Dienstag, 16. September 2008

Mit Säurehemmern aufs Laubhüttenfest

Wenn S. dieser Tage auf die häufig gestellte Frage, welches denn der deutsche Nationaltanz sei, wahrheitsgemäß mit "keiner" antwortet, erntet sie von ihren Schülern Reaktionen zwischen Ungläubigkeit, Mitleid und Entsetzen. In Chile gibt es - natürlich! - einen: die cueca. Zugereisten erschließt sich das balzende Ein­an­der­um­krei­sen, bei dem Mann und Frau energisch mit langen Taschentüchern wedeln, nur schwer. Allein der synkopierte Dreivierteltakt ist eine Zumutung. In der Theorie tanzt man die cueca in Chile in bunten Trachten (die Män­ner mit sporenbewehrten Cowboystiefeln), in der Realität behält man an, was man gerade trägt. Das sieht dann beispielsweise so aus:



Der jährlich wiederkehrende Anlass, cueca zu tanzen, steht uns gerade ins Haus: Am 18. September ist Nationalfeiertag, und so wie der 11. September der once ist, nennt man den 18. schlicht el dieciocho. Gefeiert wird die Ablösung Chiles von der spanischen Krone, aber das ist kaum mehr als der Anlass für ein paar wilde, arbeitsfreie Tage mit viel gegrilltem Fleisch und noch mehr chicha - was im Wein­land Chile für Federweißen steht. Dazu die unvermeidlichen empanadas, Teig­ta­schen mit einer Füllung aus Fleisch, Zwiebeln, Rosinen, Oliven und Ei. Schon jetzt laufen im Radio Spots für Magensäurehemmer.
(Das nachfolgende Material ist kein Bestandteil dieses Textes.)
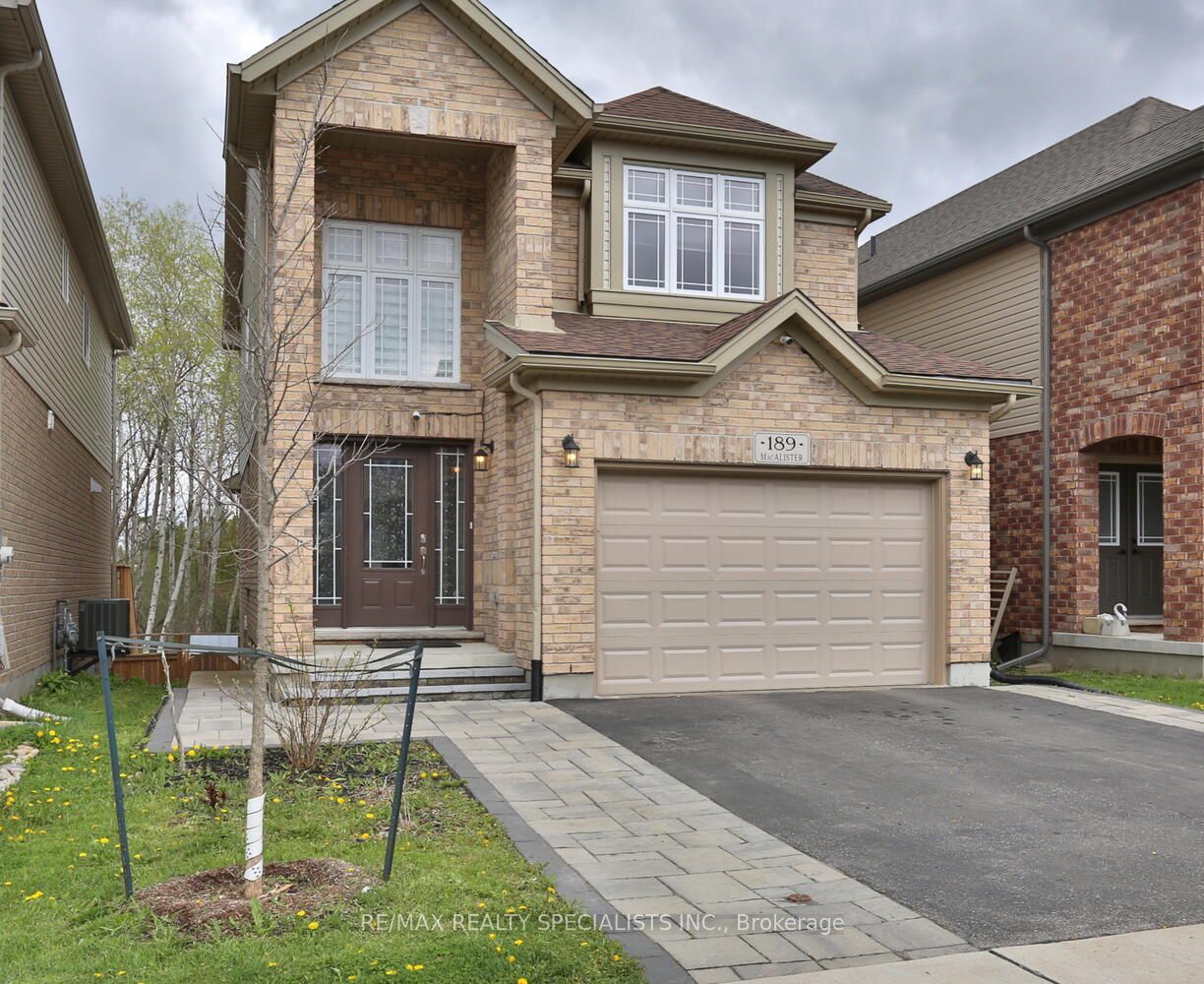 189 MACALISTER Boulevard Property Photo 1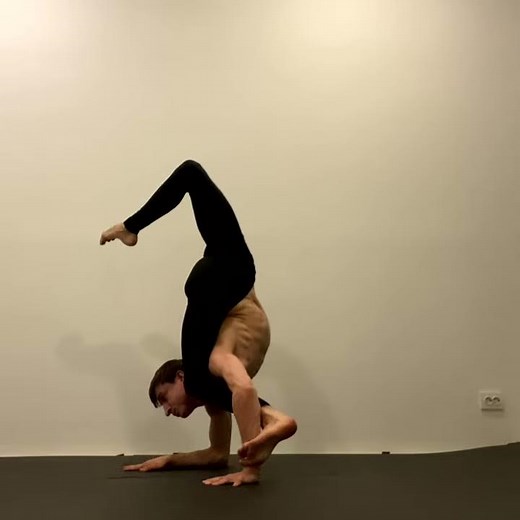 Flexible Guy Blends Contortion With Dance - 1181569-2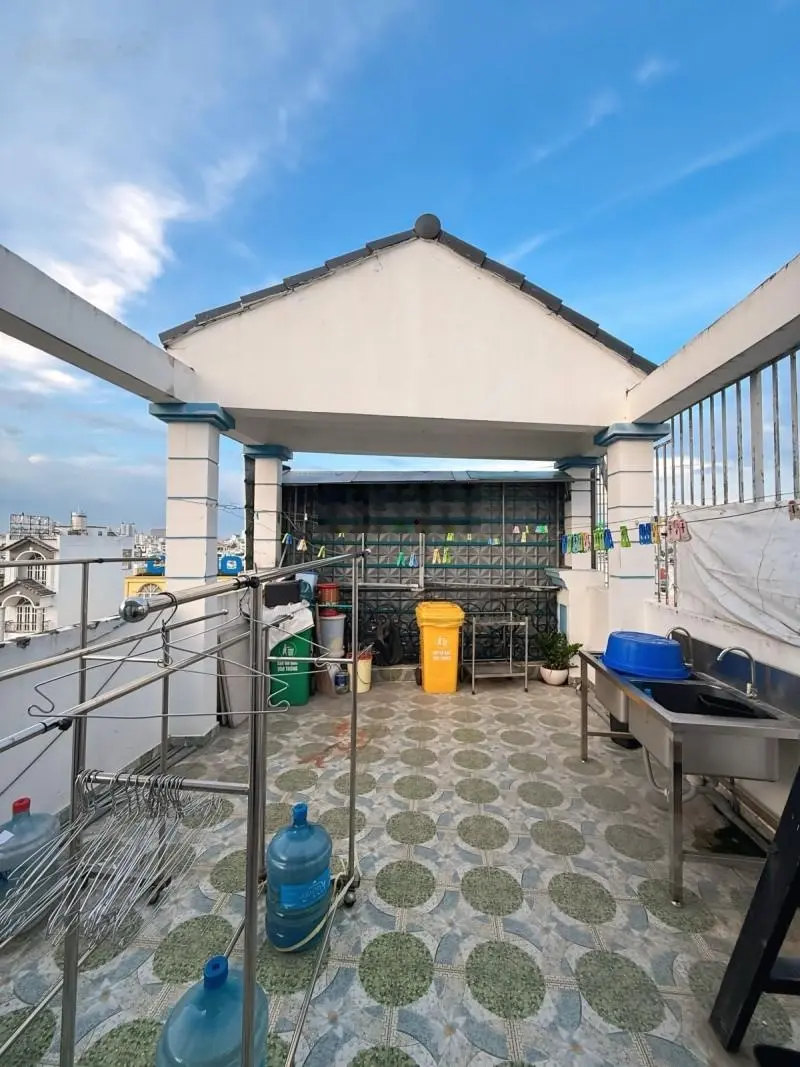 Bán nhà mặt tiền Cách Mạng Tháng 8, Quận 10 - 7 tầng có thang máy Nhật - 105m2 (4.2 x 25) chỉ 28 tỷ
Köchelt das restliche Jahr über der chilenische Nationalstolz auf erfreulich kleiner Flamme, wird rund um den dieciocho die Sau rausgelassen. Das Bild passt gut, denn zum Feiertag verwandeln sich auch die urbansten Urbaniten in fressendes, saufendes, grölendes Landvolk. Nun, alle vielleicht nicht, aber das ist das Leitmotiv des dieciocho: Chile ist und bleibt ein Volk von huasos, ¡caramba!

Eine knappe Woche lang ist alles rot-weiß-blau, tragen die Kinder breitkrempige Hüte aus Papier oder bunte Röckchen, werden ramadas gebaut, wenig stabile Fei­­er­­tags­­lo­ka­le mit Dächern aus Palmwedeln oder anderen Zweigen, in denen an­schlie­ßend getrunken und getanzt wird. So gesehen ist der dieciocho das chi­le­ni­sche Laub­hüt­ten­fest.


Um das rurale Idyll zu komplettieren, werden auch ländliche Spiele wiederbelebt. Man geht zum Rodeo, und die Kleinen peitschen große Holz­krei­sel oder lassen Papierdrachen steigen. Das heißt: Drachensteigenlassen wird auch von Er­wachsenen als Wettkampfsport betrieben, und Jahr für Jahr zieht die Polizei ein illegales Produkt ein, das es vielleicht nirgendwo anders gibt: den berüchtigten hilo curado, eine mit Leim und gemahlenem Glas präparierte Drachenschnur. Sie soll bei Wettkämpfen die gegnerischen Schnüre zerschneiden, ist aber auch ein guter elektrischer Leiter (Stromkabel!) und führt, wenn ohne Handschuhe ver­wen­det, zu bösen Schnitt- und Brandwunden.